Three successful terrorist plots have killed 35 people and injured hundreds in the last ten weeks. MI5, Britain’s domestic intelligence agency, has not faced such a threat since 2005 when coordinated terrorist attacks in London led to 52 civilian deaths. Questions are now arising as to how the country has let this happen after 12 years of foiled plots and relative stability.
The U.K. is not the only country confronting such a threat. Over 200 citizens have been killed in France since the beginning of 2015, with shootings, stabbings, bombings and weaponized vehicles, leaving the country in a perpetual state of emergency.
Brussels and Berlin have also seen spates of violence, with the former being noted for being a hotbed of radicalism.

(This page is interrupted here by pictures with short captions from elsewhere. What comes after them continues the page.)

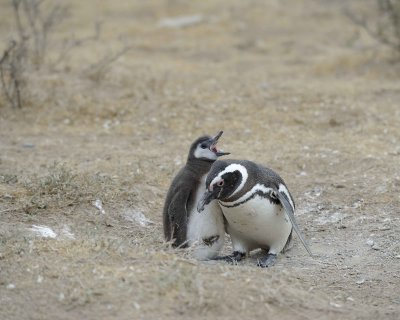 Penguin, Magellanic, w Chick-122911-Punta Cero, Peninsula Valdes, Argentina-#0764.jpg
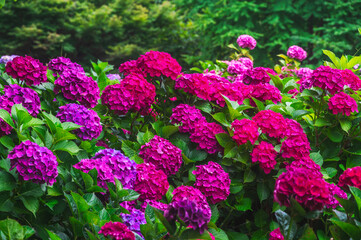 満開の西洋アジサイ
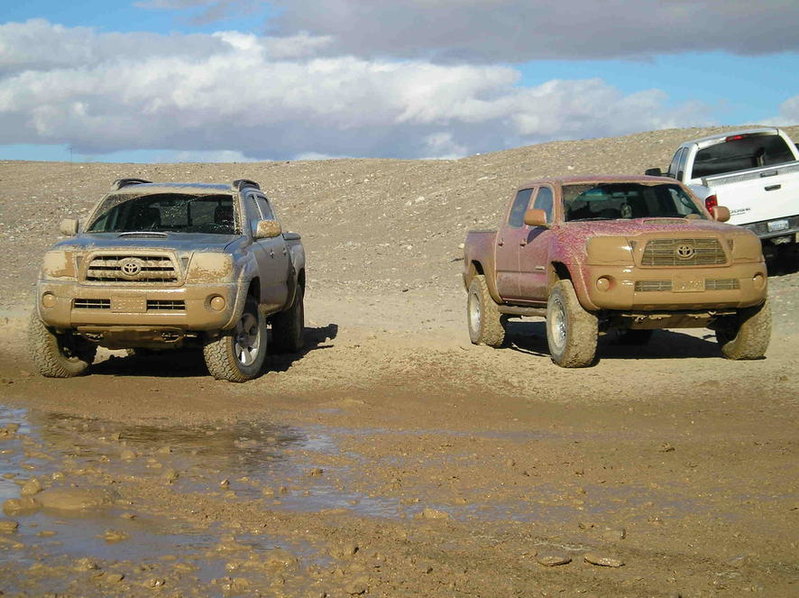 Ocotillo%20with%20CT%2012_13_08%20026.jpg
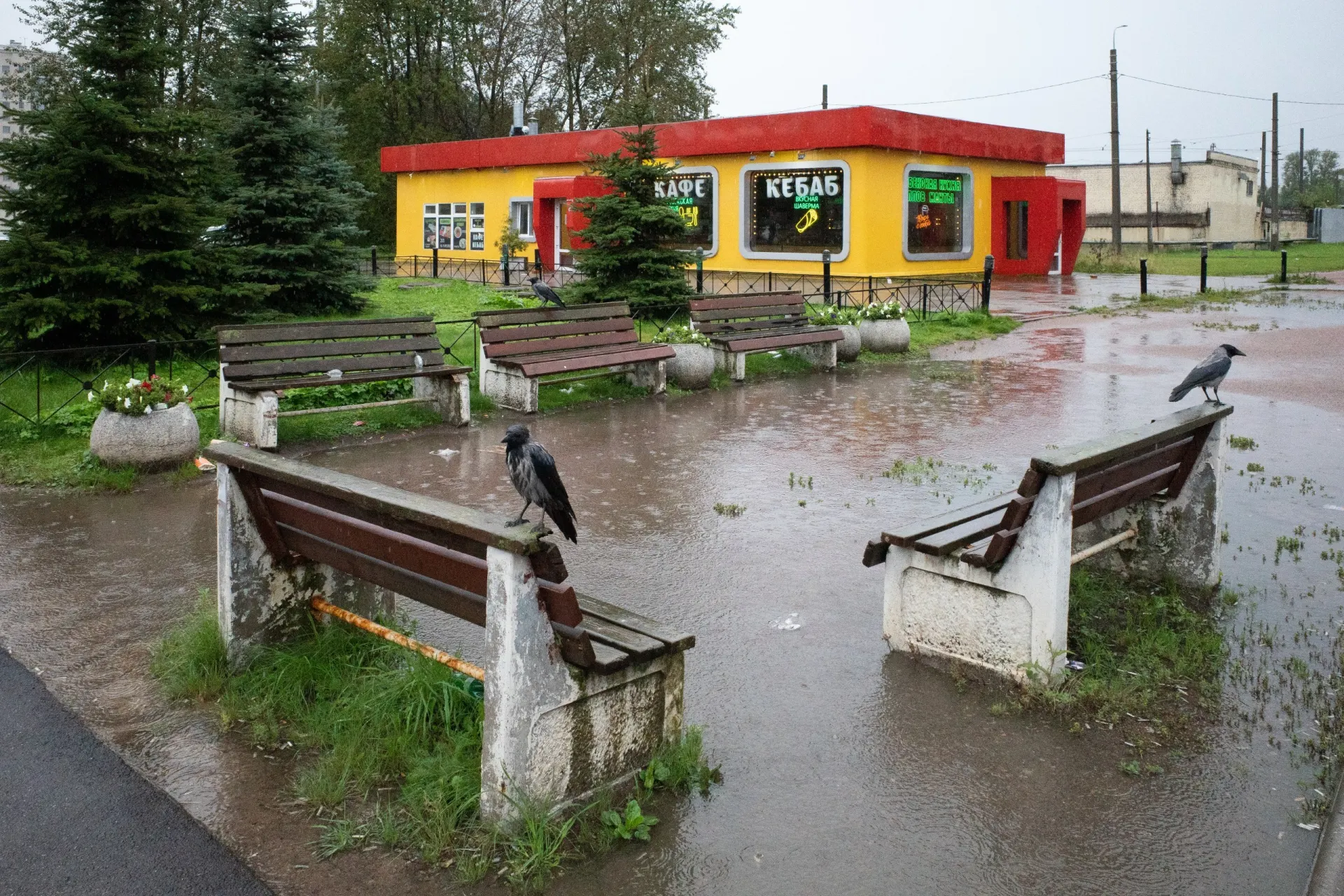 Развод экс-депутата Максима Резника, политические заявления и свежие события в Петербурге, а также важные новости России и мира.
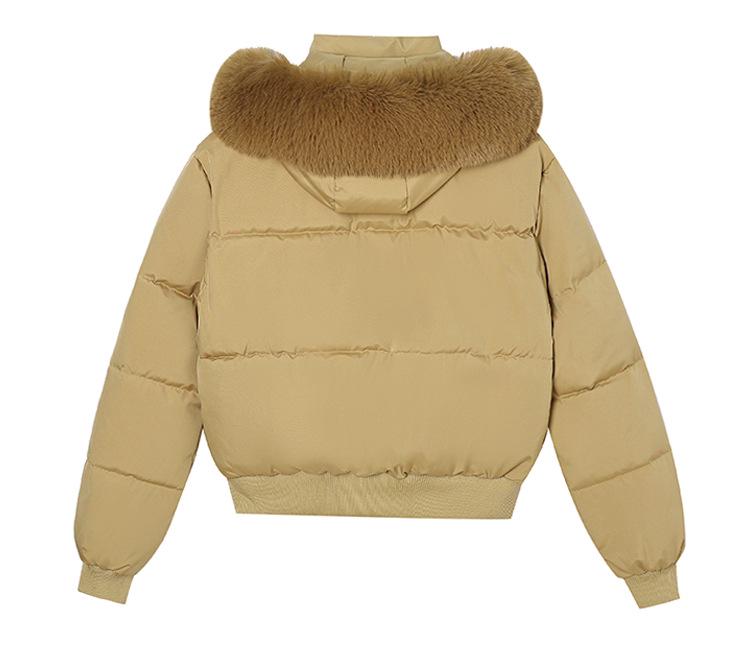 Women's 2025 Winter Fashion Short Cotton-Padded Jacket - Thickened Down-Alternative Coat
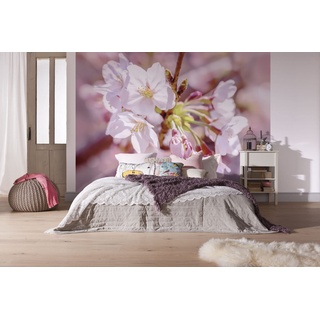 Komar Vlies Fototapete - Pink Blossom - Größe 248 x 184 cm, 4 Teile inklusive Kleister - Apfelblüte, Tapete, Wohnzimmer, Schlafzimmer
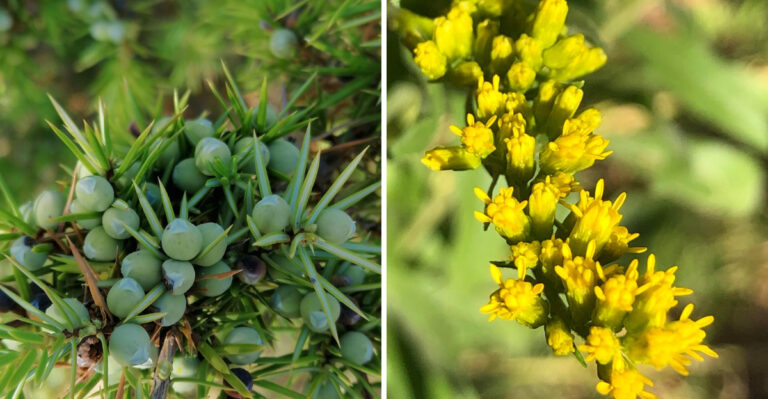 The Pennsylvania Native Plants That Establish In Gravel And Rocky Soil Where Nothing Else Will Grow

Many, such as our president, will not hesitate to blame the religion of Islam for these attacks, perpetuating a bigoted narrative describing a “clash of civilizations.” They are barbarians, and we in the West are the civilized victims. This is simply a lie. In fact, it is the barbaric actions that western governments have undertaken that place their citizens at risk.
I am not condoning terrorist attacks in Europe. Though I believe political violence is justified in some senses, I cannot agree with the murder of innocent civilians enjoying a live concert and Europe’s colorful nightlife. These attacks, however, are not random. They are radical responses to the West’s murderous imperialism.
ISIL, the militant group that has claimed responsibility for most of these attacks, was able to grow and prosper in the power vacuum created by the 2003 invasion of Iraq—an invasion mostly led by American and British forces.
ISIL mostly consists of individuals either my age or not much older, who have known nothing but an occupying force from far-off lands. At times, I have wondered what I would do if my family members were killed by drone or air strikes gone awry. Fury and confusion would dominate my being as I plotted revenge. I will happily concede that this is not always the case.
A lot of the suspected terrorists in Europe were born on the continent and were radicalized in their neighborhoods and on the internet. All the same, these opportunities would not exist if it were not for the way the West conducts itself militarily.
Jeremy Corbyn, leader of the recently resurgent Labour Party in the U.K., was brave enough to say the war on terror is not working in the wake of the Manchester bombing. Having the army patrol British streets is an indication we need a smarter way to combat terrorism, he added.
Unless we are sending in our military with a clear goal, whether it be properly-resourced peacekeeping or nation-building, the West will continue to suffer from horrific terrorist incidents. The specter of terrorism that is haunting Europe is an indefinite epidemic, and its antidote—which has yet to be utilized—is in the West’s hand.